> [Work instruction] Please repeat the records beneath this task exactly as they appear, but skip the images.

━━━━━━━━━━━━━━━━━━━━

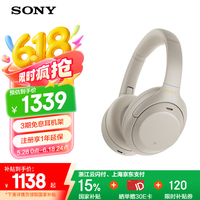 索尼 SONY WH-1000XM4 耳罩式头戴式动圈降噪蓝牙耳机 铂金银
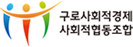 구로사회적경제통합지원센터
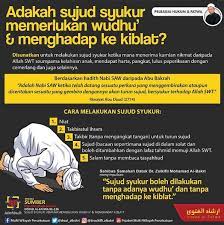 Tata cara sujud syukur sujud syukur tidak disyaratkan menghadap kiblat, juga tidak disyaratkan dalam keadaan suci, karena sujud syukur bukanlah shalat. Facebook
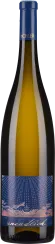 Flasche Weißwein mit glänzendem, goldenem Flüssigkeitsinhalt. Die Flasche hat ein tiefblaues Etikett, das ein künstlerisches Motiv mit Sternenmuster zeigt. Der Verschluss ist ebenfalls in Blau gehalten.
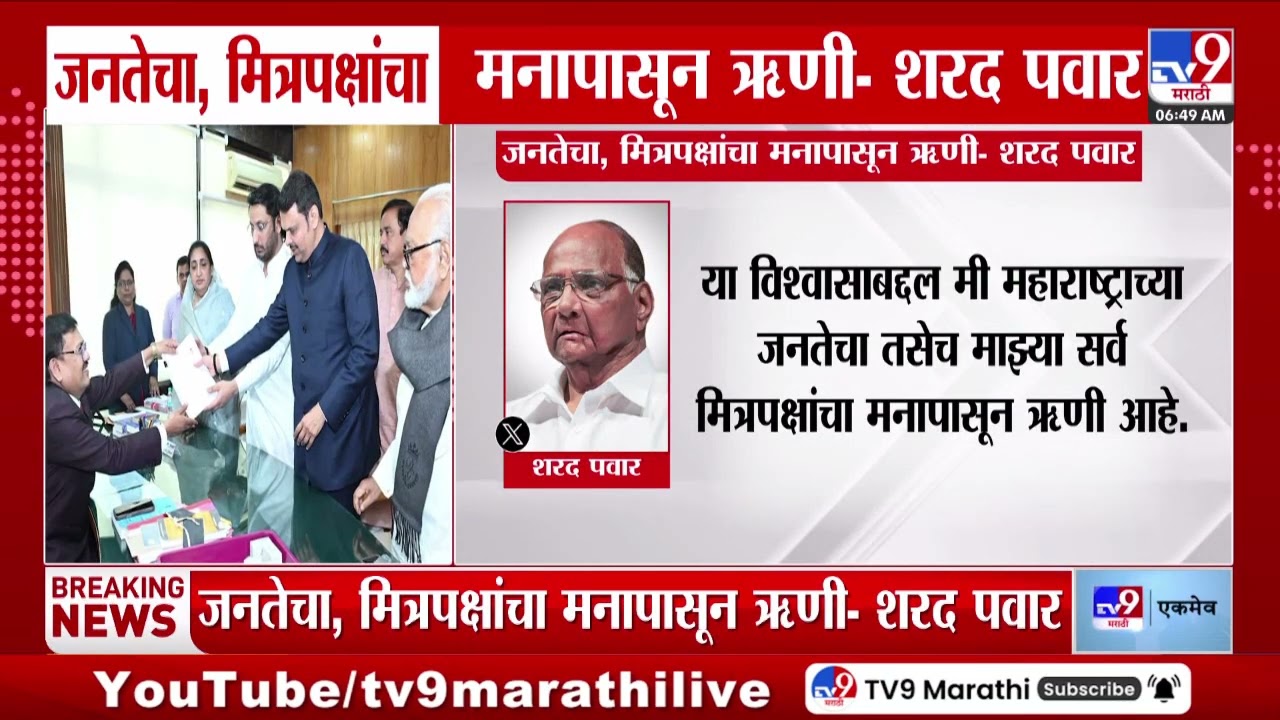 MVAकडून राज्यसभेवर Sharad Pawar यांची निवड, शरद पवारांनी मित्रपक्षांचे मानले आभार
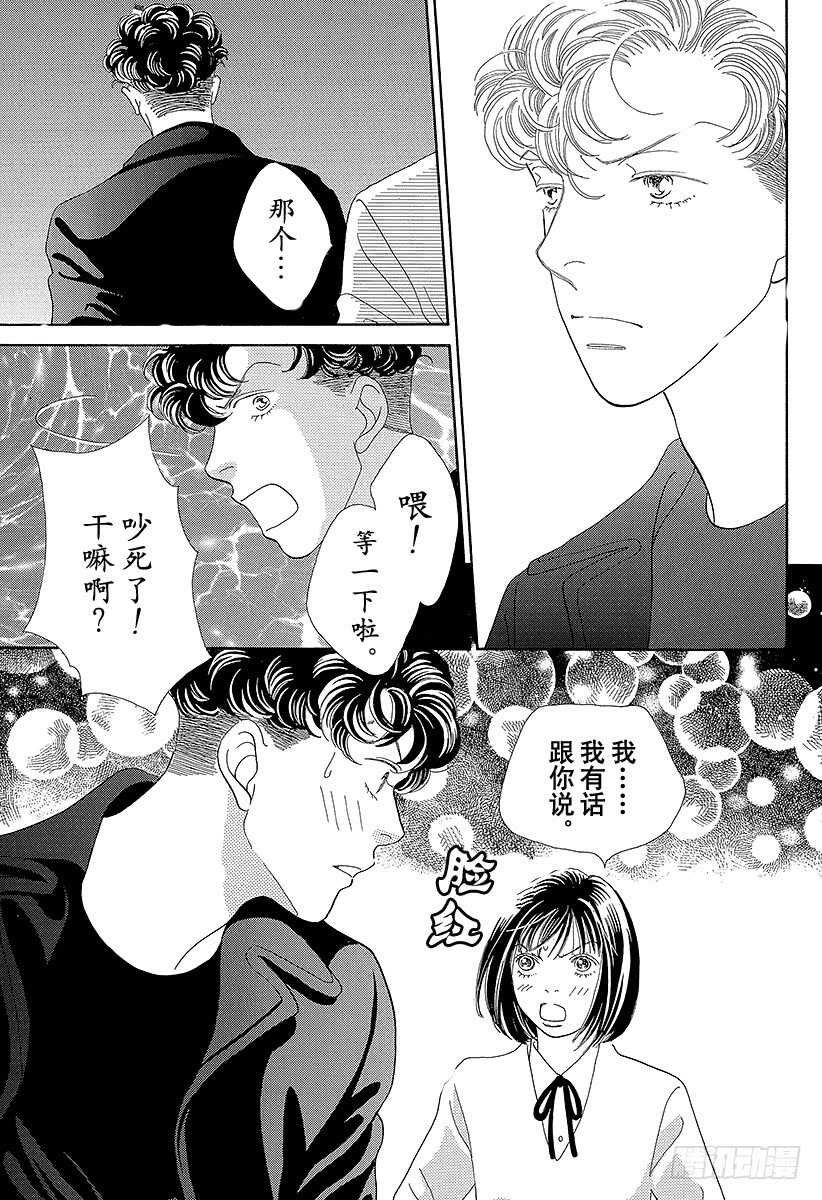 《花样男子》第98话 第34页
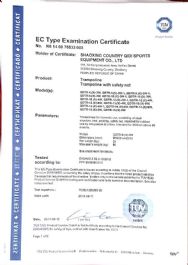 אביזרים לטרמפולינה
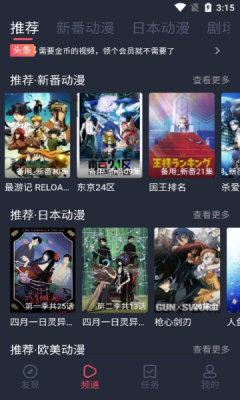 横风动漫在线观看v1.3.3.3截图1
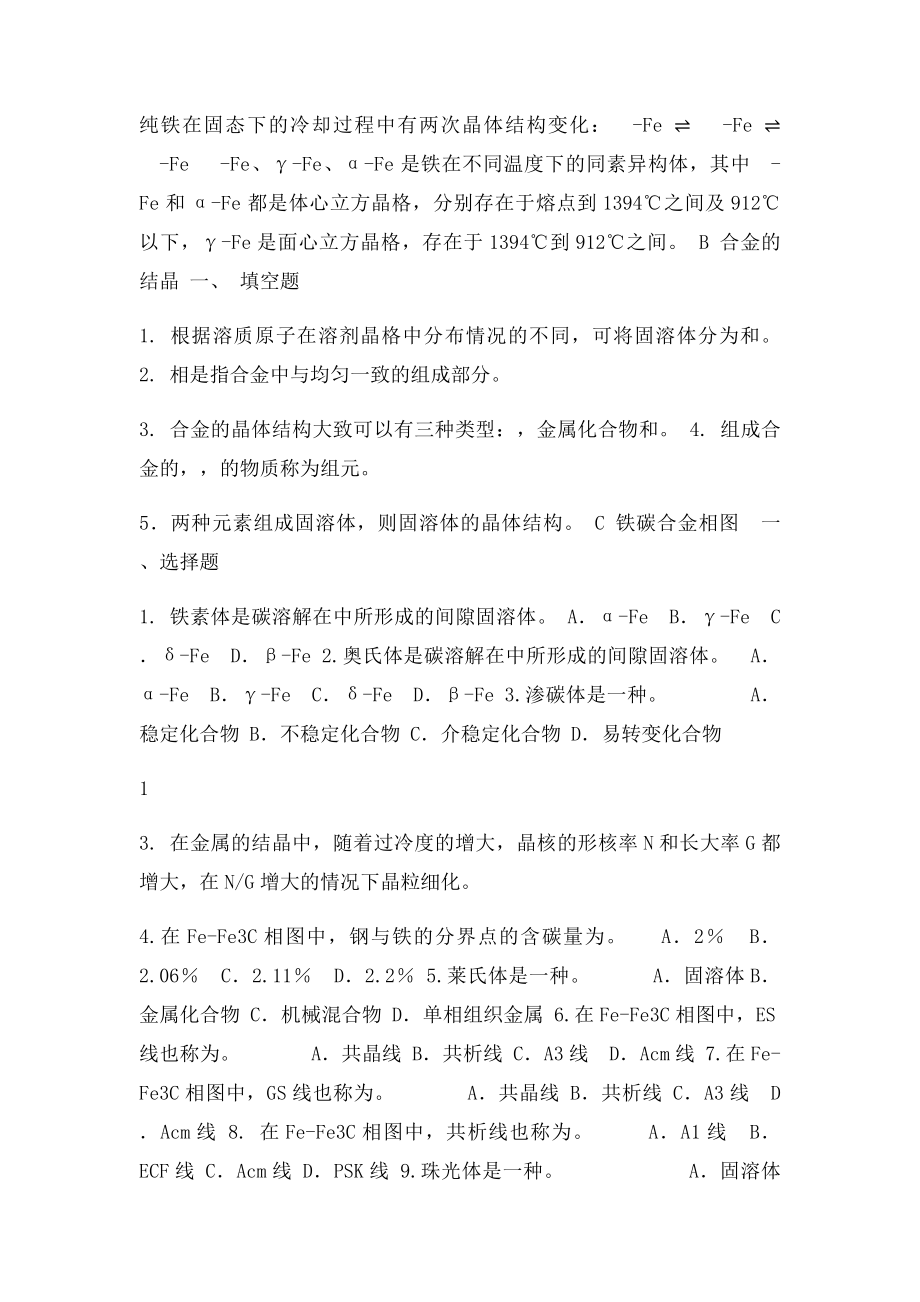 机械工程材料复习题.docx_第2页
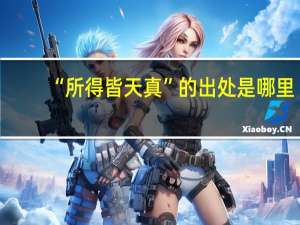 “所得皆天真”的出处是哪里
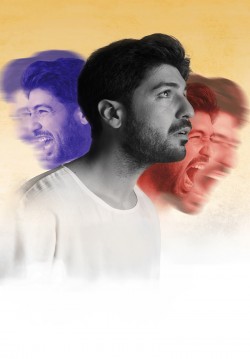 Ne İdiği Belirsiz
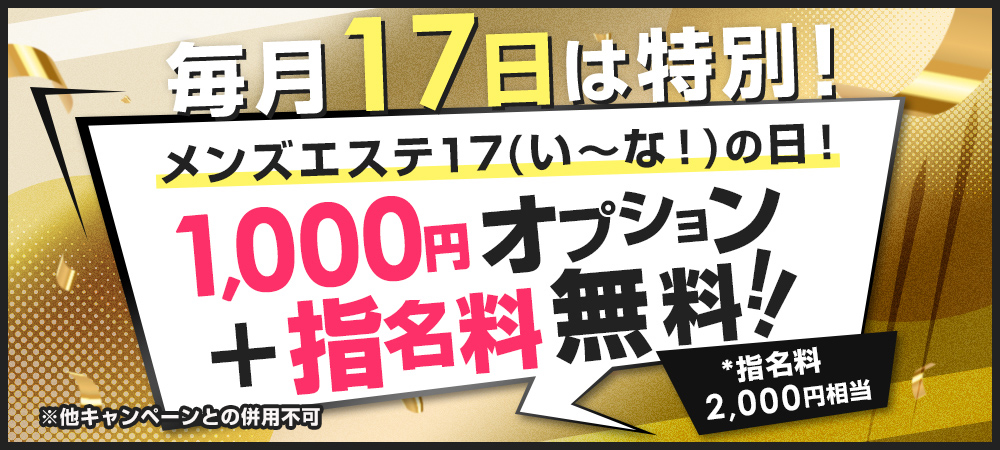 メンズエステ17白河店（メンズエステイイナシラカワテン）［白河 メンズエステ（一般エステ）］｜風俗求人【バニラ】で高収入バイト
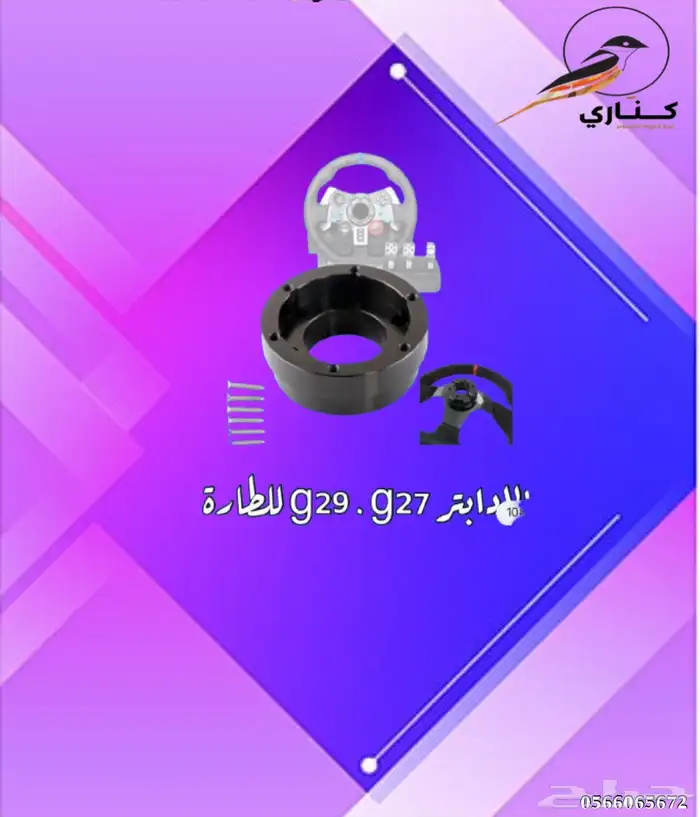 ادابتر T300 ادابتر الكاموس ادابتر سيمكيوب 5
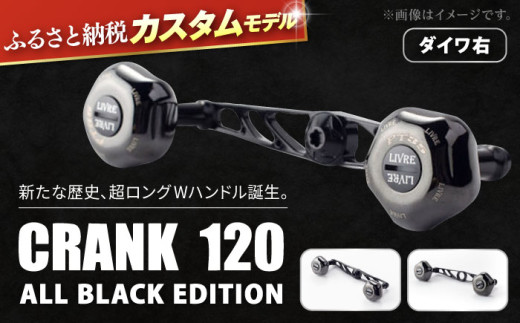 【ダイワ右】LIVRE ふるさと納税カスタム CRANK120 （PT35ノブ搭載） ALL BLACK EDITION 亀山市/有限会社メガテック リールハンドル カスタムハンドル 国産 [AMBB135-2]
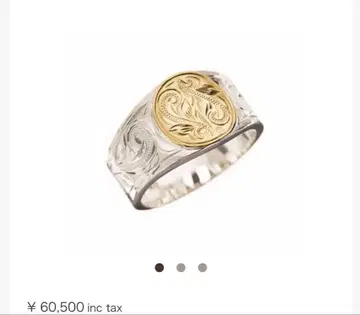하와이안 주얼리 Maxi 반지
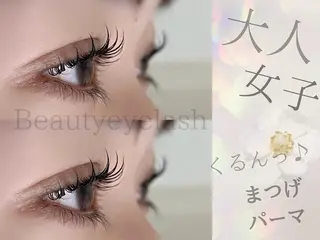 マツエク・マツパ 町井 彩花のマツエク・マツパデザイン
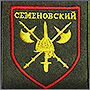 Фото шеврона для Семёновского полка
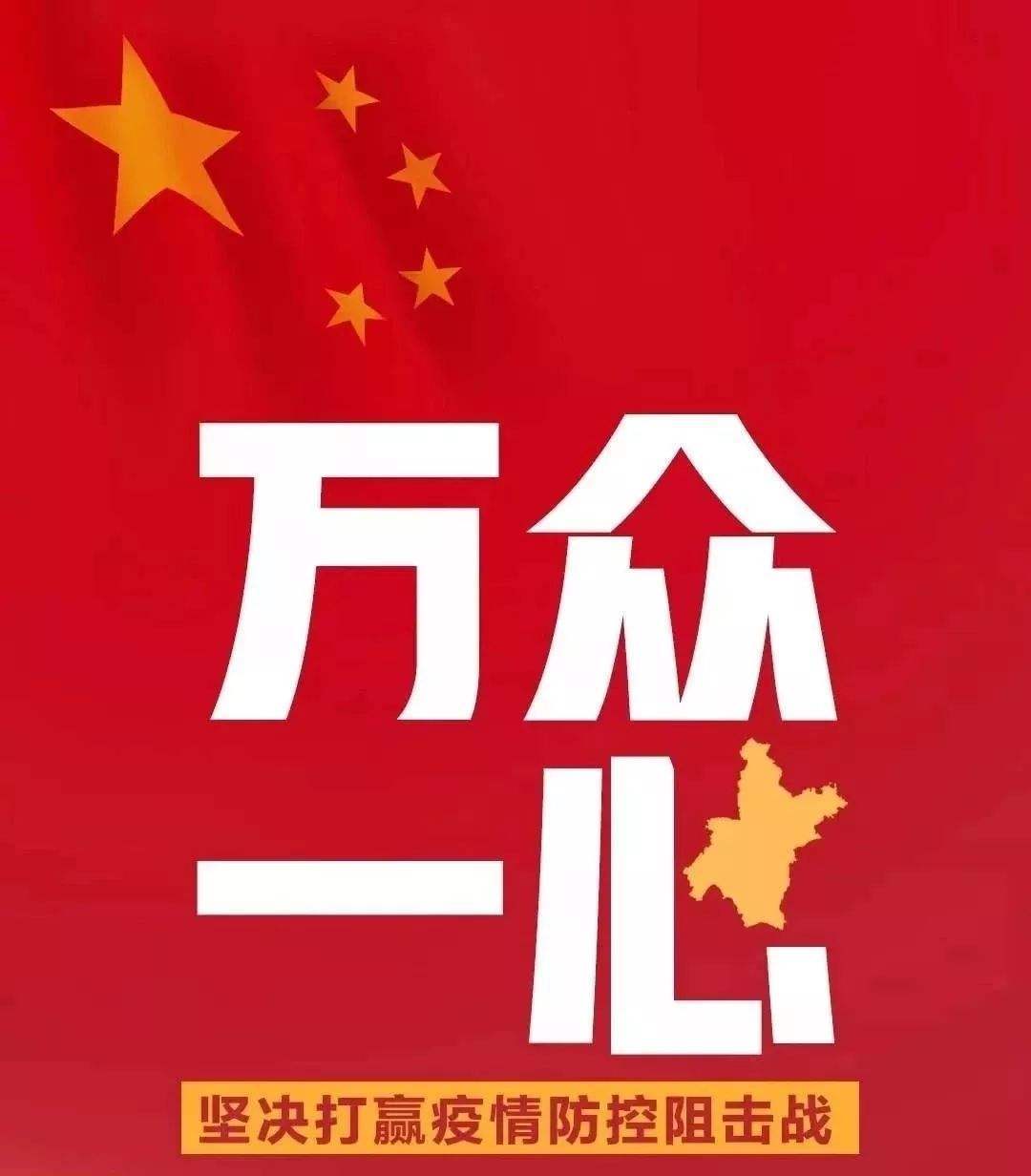 共克时艰！开工大吉！Forge团队给大家拜年 ！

━━━━━━━━━━━━━━━━━━━━

> [Result]
 索尼 SONY WH-1000XM4 耳罩式头戴式动圈降噪蓝牙耳机 铂金银
 구로사회적경제통합지원센터
 Tata cara sujud syukur sujud syukur tidak disyaratkan menghadap kiblat, juga tidak disyaratkan dalam keadaan suci, karena sujud syukur bukanlah shalat. Facebook
 Flasche Weißwein mit glänzendem, goldenem Flüssigkeitsinhalt. Die Flasche hat ein tiefblaues Etikett, das ein künstlerisches Motiv mit Sternenmuster zeigt. Der Verschluss ist ebenfalls in Blau gehalten.
 MVAकडून राज्यसभेवर Sharad Pawar यांची निवड, शरद पवारांनी मित्रपक्षांचे मानले आभार
 《花样男子》第98话 第34页
 אביזרים לטרמפולינה
 横风动漫在线观看v1.3.3.3截图1
 机械工程材料复习题.docx_第2页
 “所得皆天真”的出处是哪里
 Ne İdiği Belirsiz
 メンズエステ17白河店（メンズエステイイナシラカワテン）［白河 メンズエステ（一般エステ）］｜風俗求人【バニラ】で高収入バイト
 ادابتر T300 ادابتر الكاموس ادابتر سيمكيوب 5
 【ダイワ右】LIVRE ふるさと納税カスタム CRANK120 （PT35ノブ搭載） ALL BLACK EDITION 亀山市/有限会社メガテック リールハンドル カスタムハンドル 国産 [AMBB135-2]
하와이안 주얼리 Maxi 반지
 マツエク・マツパ 町井 彩花のマツエク・マツパデザイン
 Фото шеврона для Семёновского полка
 共克时艰！开工大吉！Forge团队给大家拜年 ！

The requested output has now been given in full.